Non si possono mischiare le mele con le pere. E neppure le banche con “le banchette” sennò qualcuno si fa idee strane e pensa di andare a fare acquisti nel Mezzogiorno d’Italia. Francesco Boccia, deputato pugliese del Partito democratico, non ci sta a sentire accostamenti fra la Popolare di Bari e la Popolare di Vicenza oppure – e in questo caso ancor meno – Banca Etruria e Banca Marche.

NO A PARAGONI AZZARDATI TRA BANCHE E “BANCHETTE”

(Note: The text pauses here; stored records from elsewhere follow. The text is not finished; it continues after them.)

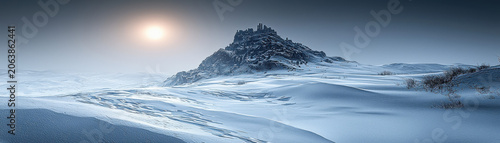 Majestic mountain peak in vast winter snow landscape. cold light from sun illuminates serene scene
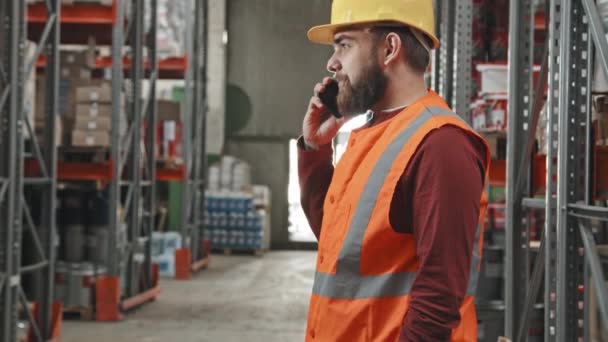 Sakallı Güvenlik Yeleği Kasketli Bir Adamın Depoda Cep Telefonuyla Konuşmasının — Stok video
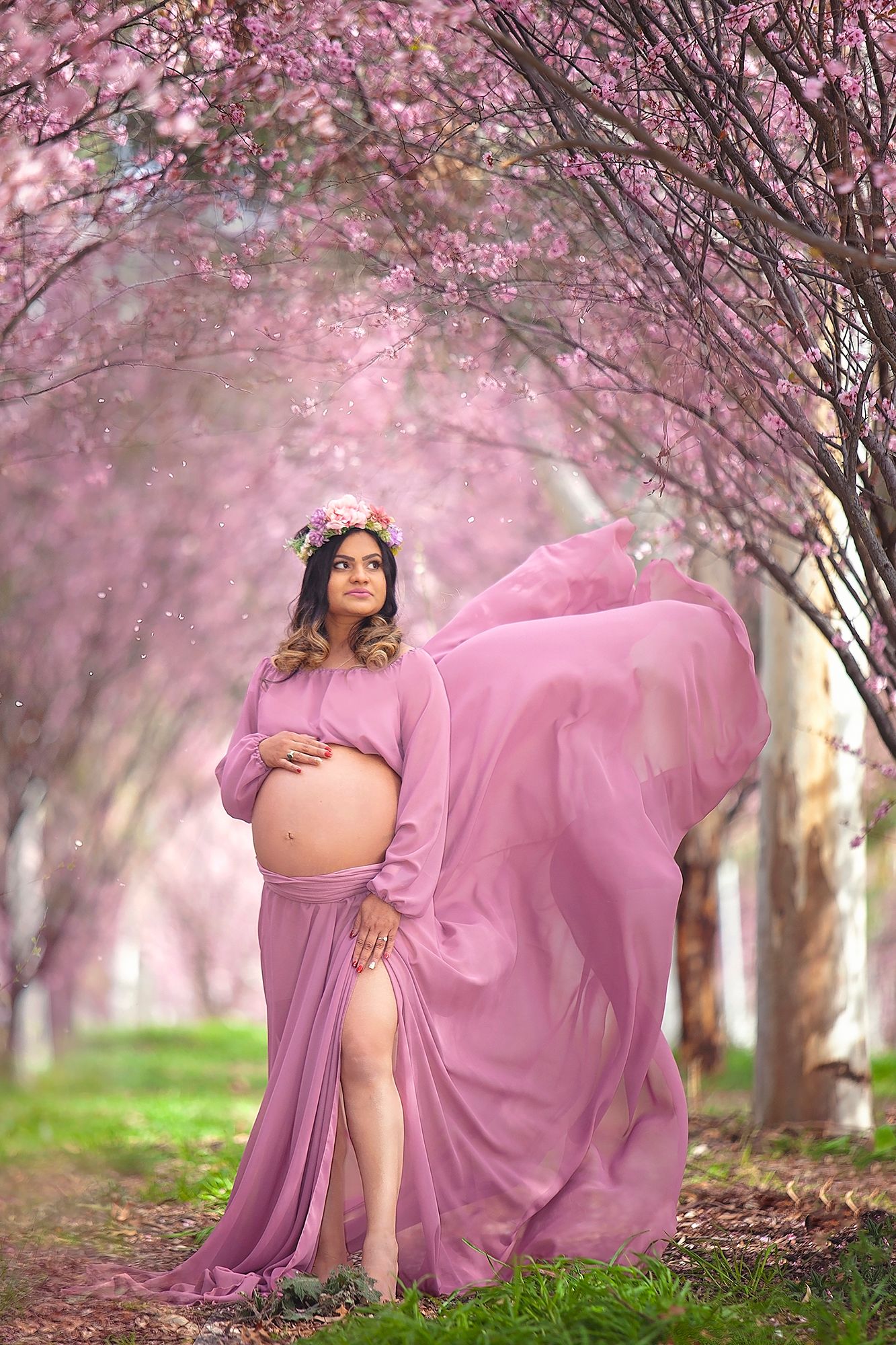 Pregnant woman in flowing mauve gown with floral crown cradles belly among pink cherry blossoms.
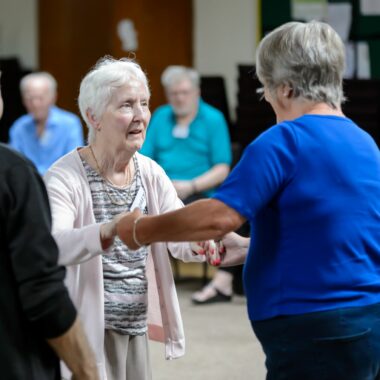lady in an exercise class in a community hall
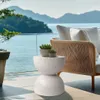 A white speckled hourglass-shaped side table with two potted succulents sits on a patio overlooking a body of water and mountains. Podgląd zdjęcia produktu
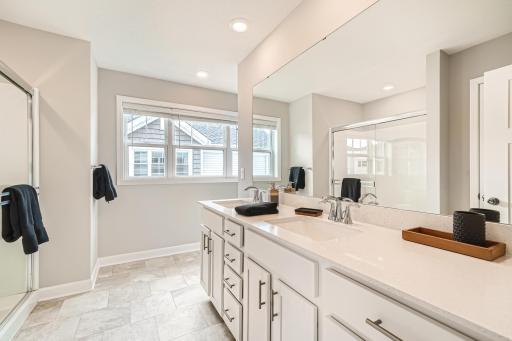 2nd Floor Primary Bathroom- Model home pictured with the same floorplan.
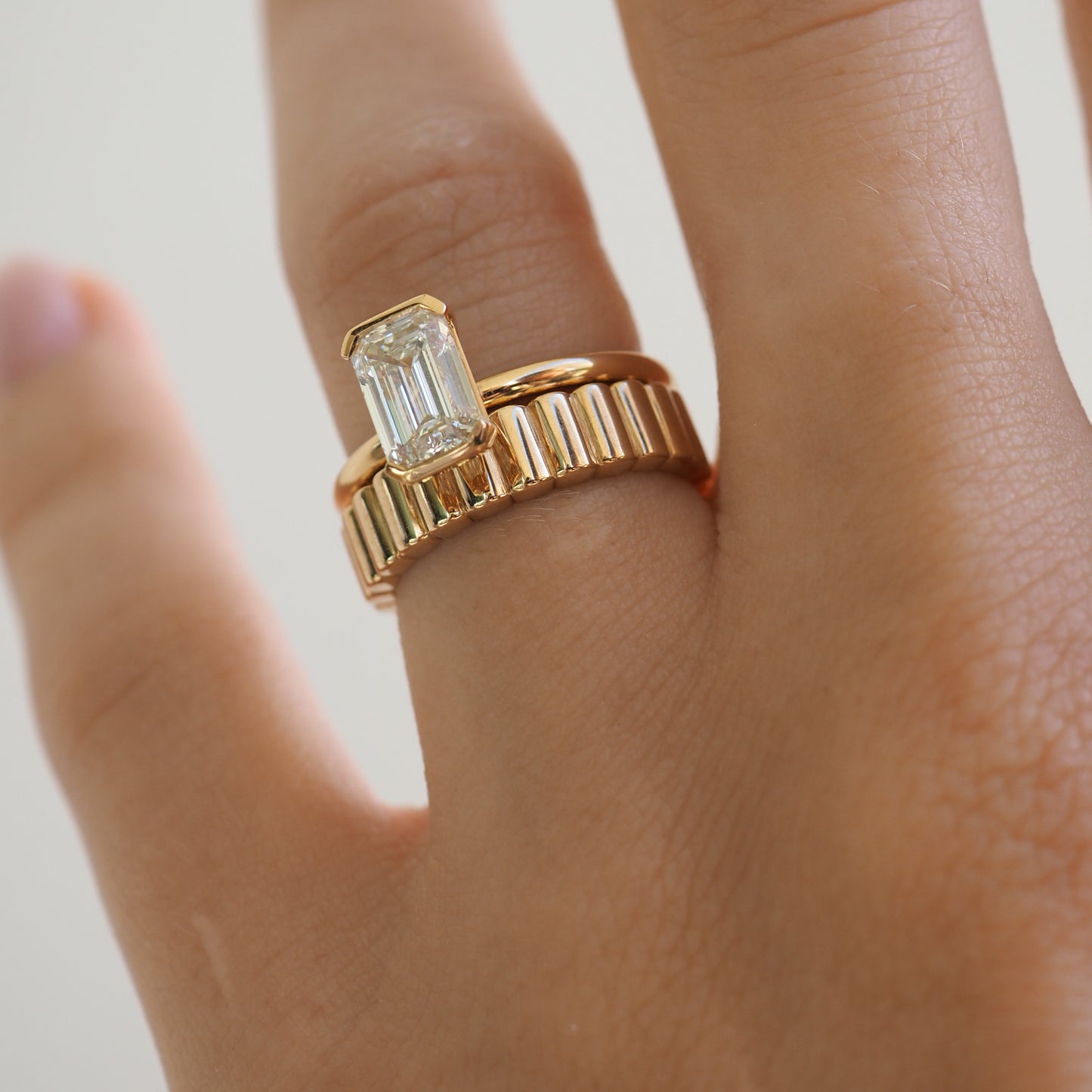 Gold rings with an emerald-cut clear stone on a person's ring finger. The rings have a ribbed design, showcasing luxury jewellery.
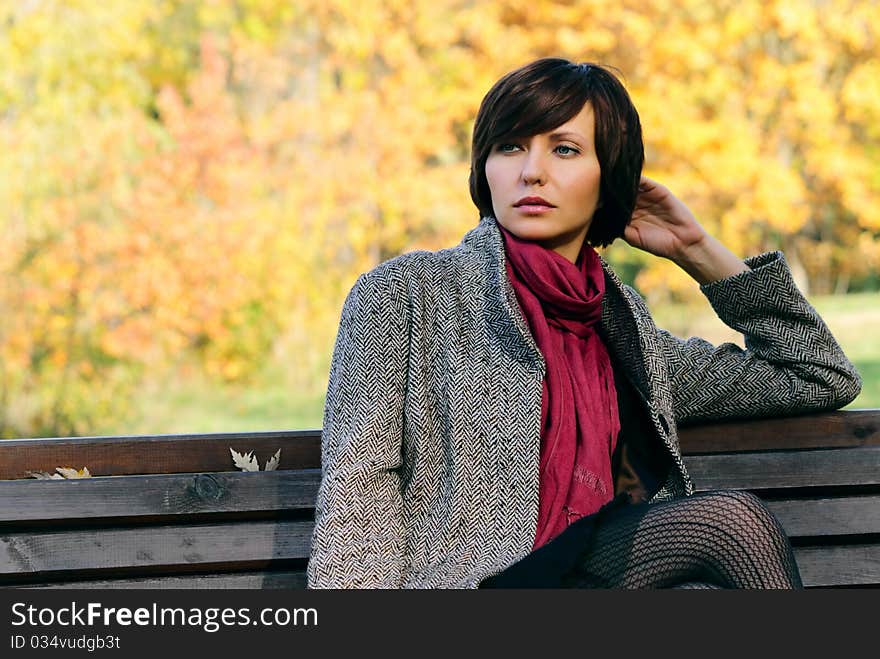 Woman in the autumn forest in the coat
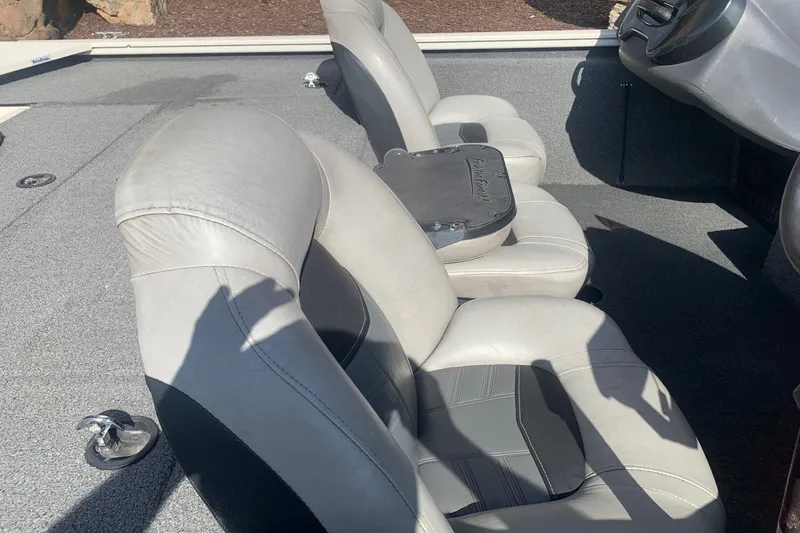 Slide: The Image of 2018 Tracker Pro Team 195 TXW boat interior with gray seating and console. - 10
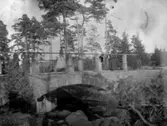 Två kvinnor stående på en bro över ett vattendrag. (Bron kan vara Ryds valvbro. Revs 1967?).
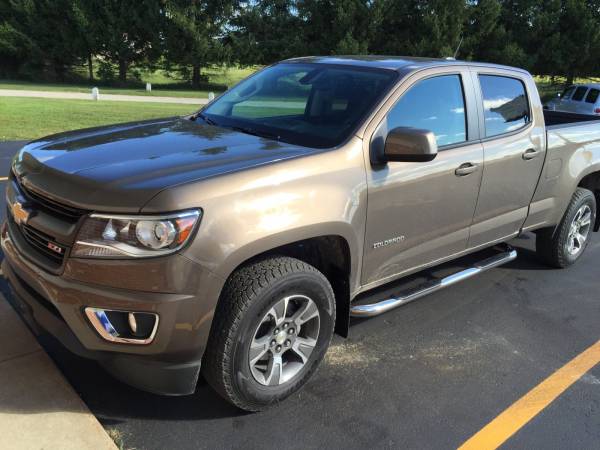 A 2014 Chevy Colorado Crew Cab with Luverne 3" SST Nerf Bars and Weathertech Mud Guards!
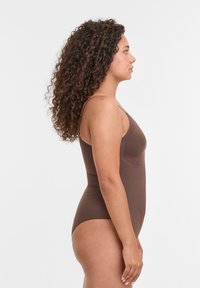 Costume da bagno intero marrone con spalline sottili, texture liscia e design aderente, che mostra una vista laterale della silhouette del capo.
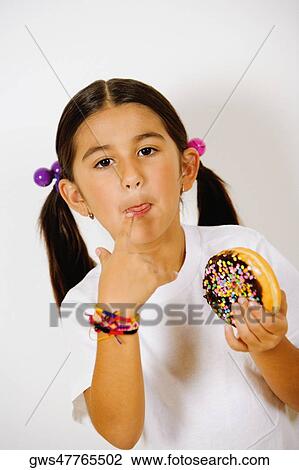 Portrait of a girl holding a donut and licking her finger View Large Photo Image Stock Image - Portrait of a girl holding a donut and licking her finger. Fotosearch
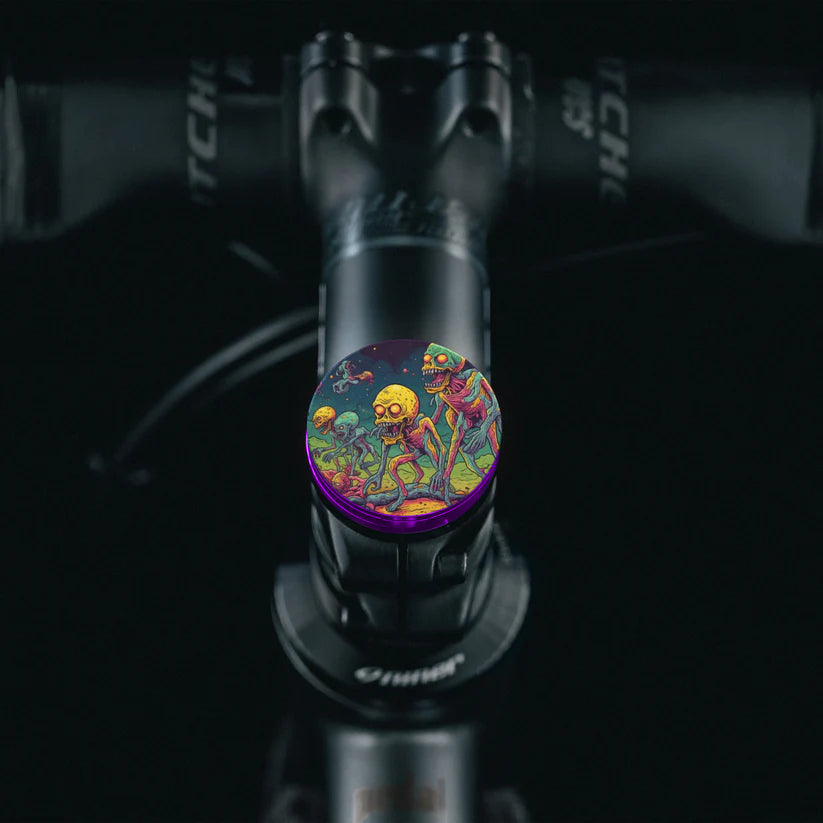 Rich purple stem cap with colorful alien design for custom bicycle accessories.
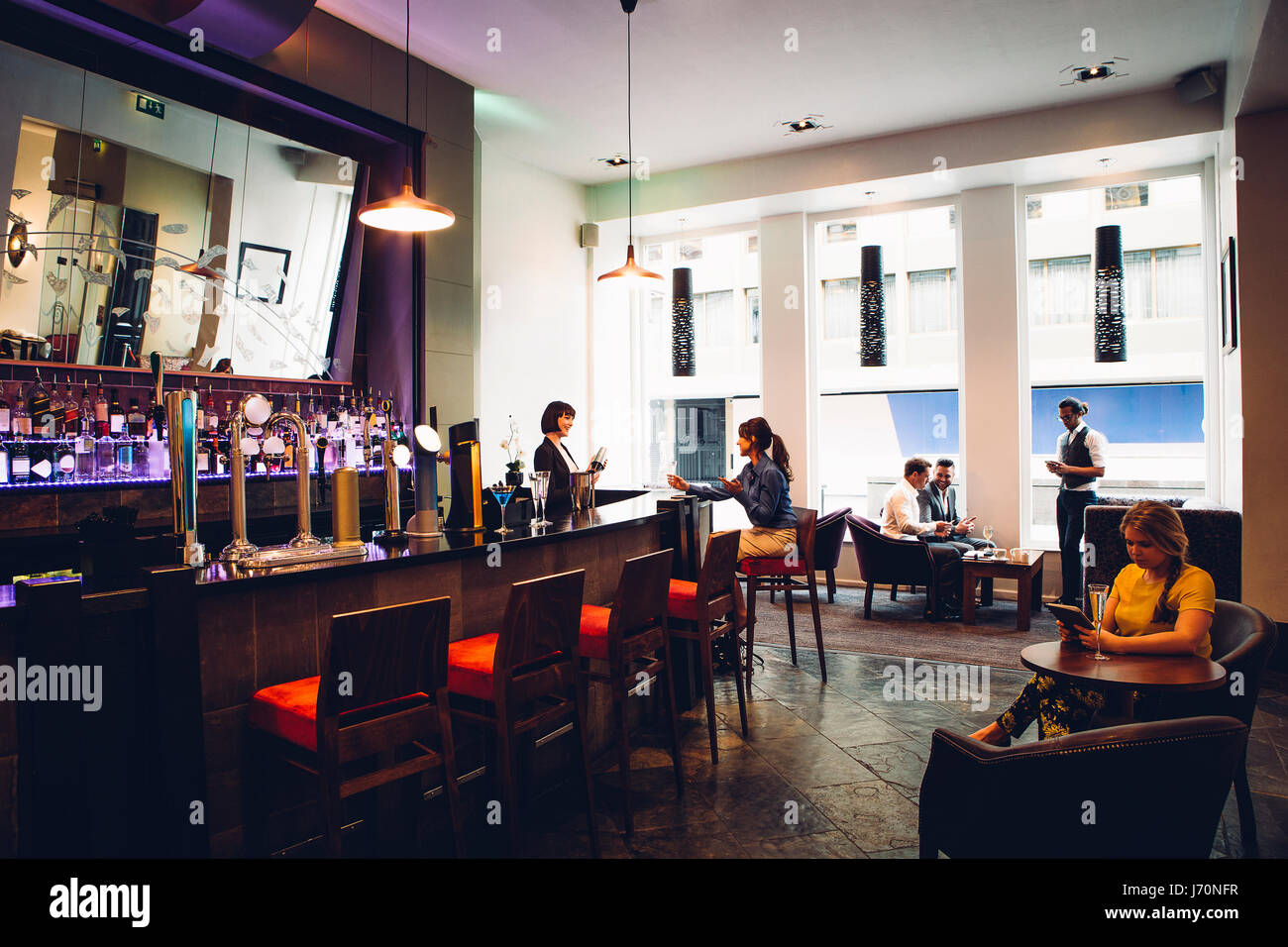Full room shot of an active bar. There are people socialising as well ...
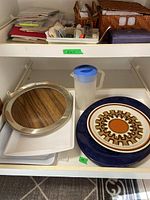 Shelf with aluminum tray, Japanese plate, blue juice jug, and plastic trays.
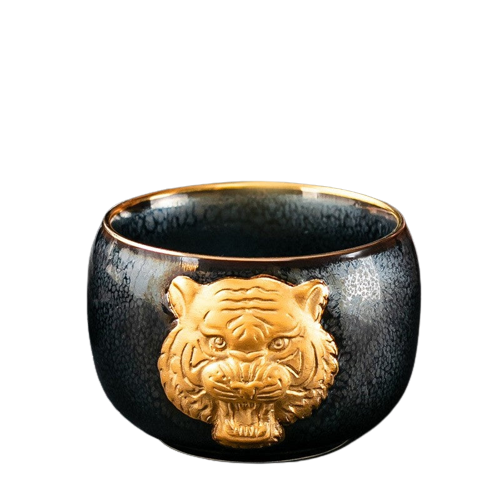 A black ceramic tea cup with a gold tiger symbol on the side.
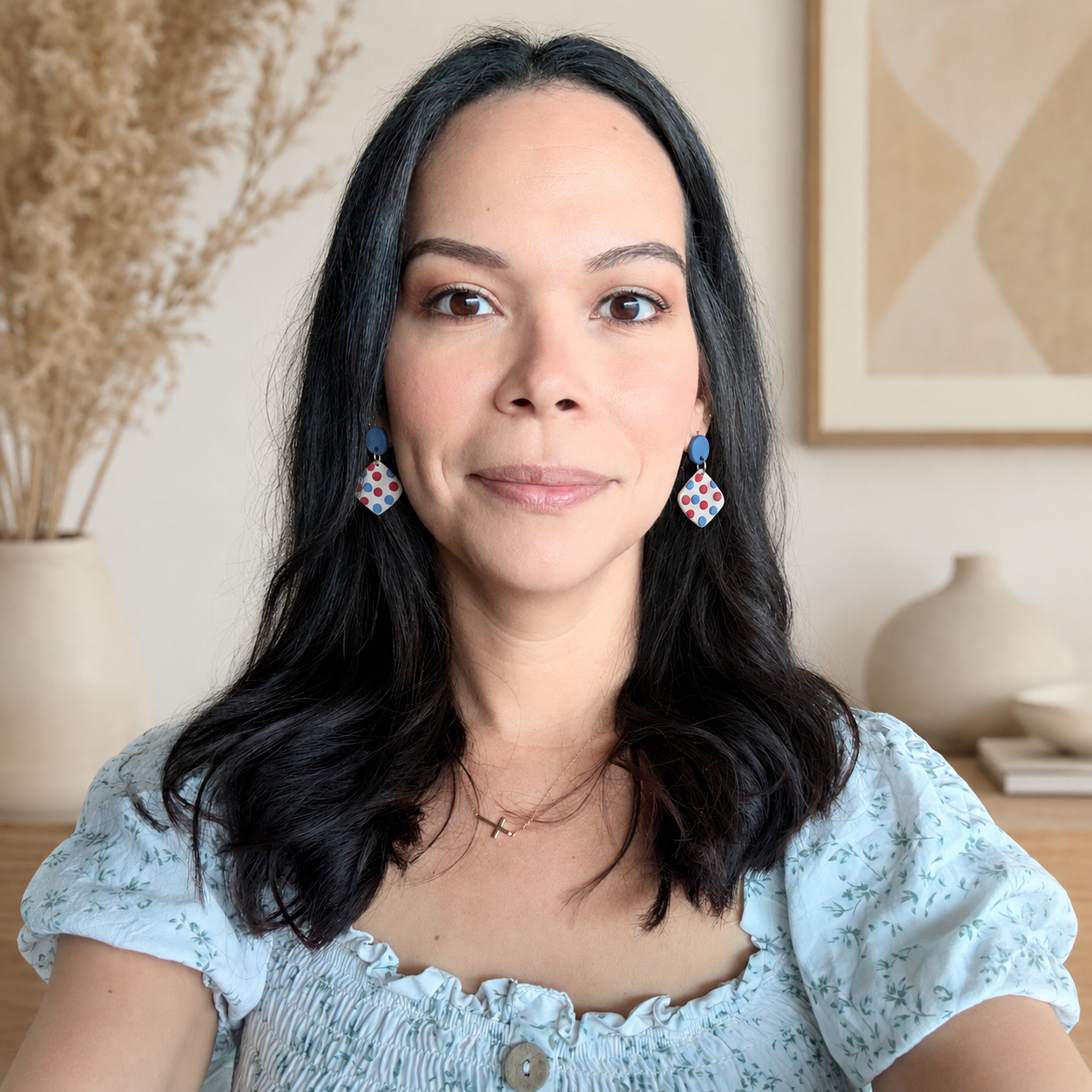 Woman wearing colorful earrings in a neutral indoor setting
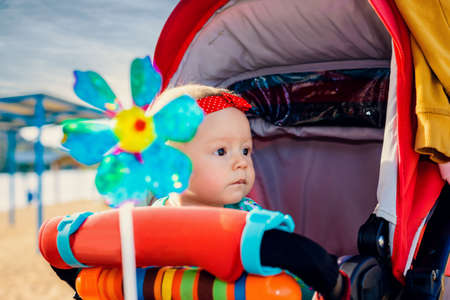 Cute little baby girl wearing a red headband sitting in a colorful push-chair or pram staring curiously at the cameraの写真素材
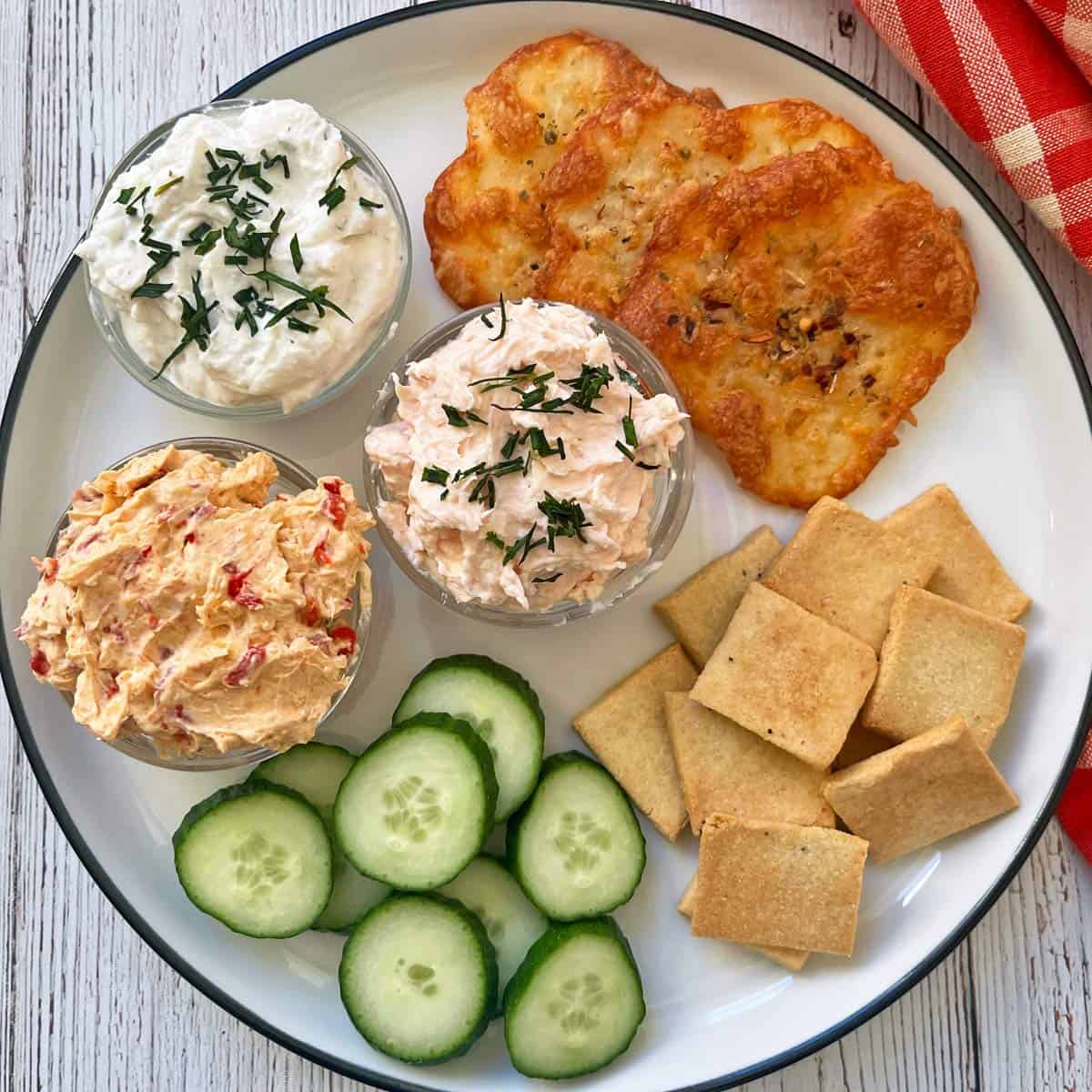 A platter with dips and crackers.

Nel momento in cui si riapre l’inchiesta su Popolare di Bari – per cui sono indagati tra gli altri il presidente Marco Jacobini e l’ex direttore generale Vincenzo De Bustis, come svelato dal quotidiano la Repubblica – il presidente della commissione Bilancio della Camera mette in guardia da chi fa paragoni “inappropriati”, peraltro alla vigilia dell’insediamento della commissione d’inchiesta sulle banche. “Quando si parla di aziende come gli istituti di credito si parla di aziende che non hanno un modello come le imprese ordinarie. Hanno un’autorità indipendente, Banca d’Italia, deputata al controllo tramite ispezioni per verificarne il funzionamento. Via Nazionale non si sostituisce alla magistratura ma ha strumenti che incidono anche sulla governance bancaria. Detto questo, non commento un’inchiesta. Bisogna invece aspettare che faccia il suo corso e che si esprimano coloro che hanno il diritto di difendersi”. Però, avverte Boccia, “puntare alla tenuta dell’azienda è scorretto, accostare la Popolare di Bari alla Popolare di Vicenza è di una gravità inaudita perché la Popolare di Bari è una banca solida mentre l’altra è stata saccheggiata e prima di essere acquisita da Intesa Sanpaolo veniva da una crisi lunghissima. A maggior ragione neppure si può accostare Bari alle quattro ‘banchette’ (ovvero Banca Etruria, Banca Marche, Carife e Carichieti. Il riferimento è a Matteo Renzi che minimizzò i problemi di Etruria parlando di ‘due-tre banchette toscane’, ndr): si tratta di un paragone del tutto fuori luogo. La Popolare di Bari fino al 2014-2015 ha distribuito dividendi, poi è stata fatta l’acquisizione di Tercas con l’obbligo di una digestione immediata quando invece sarebbe servito più tempo e ciò ha provocato alcune fibrillazioni”.

NO ALLO SHOPPING AL SUD

Ora non c’è altro da fare, secondo Boccia: “Aspettiamo di capire se l’inchiesta riguarda anche la governance dell’istituto ma se nel frattempo si passa a una discussione astratta fino ad arrivare al parallelo Bari-Vicenza io – che sono un parlamentare pugliese – devo dire ‘occhio’ perché parliamo di una banca solida e gli acquirenti ci sono. E potrebbero farsi idee strane. Lo dico oggi per domani. Lo shopping al Sud è finito. Già abbiamo dovuto rinunciare al Banco di Napoli e al Banco di Sicilia per la scellerata gestione che ne è stata fatta e anche a causa della classe politica che ne ha consentito la svendita”. Il timore, inoltre, è che nel frattempo si scateni il panico tra i risparmiatori e inizi la corsa allo sportello come accadde – ad esempio – con Monte dei Paschi.

LA RIFORMA DELLE POPOLARI

Su tutto aleggia la riforma delle popolari, fortemente voluta dal governo Renzi e fortemente contrastata da Boccia. “La riforma di fatto è completata ma c’è il problema del diritto di recesso per Credito Valtellinese e Popolare di Bari per cui tutto è nelle mani dei ricorsi, di cui aspettiamo l’esito. Io non avrei messo il sistema in questa situazione e avrei applicato l’obbligo di trasformazione solo per le popolari con attivo da 30 miliardi in su, secondo le regole Bce. L’ho ribadito varie volte ma sono sempre in minoranza nel mio partito”.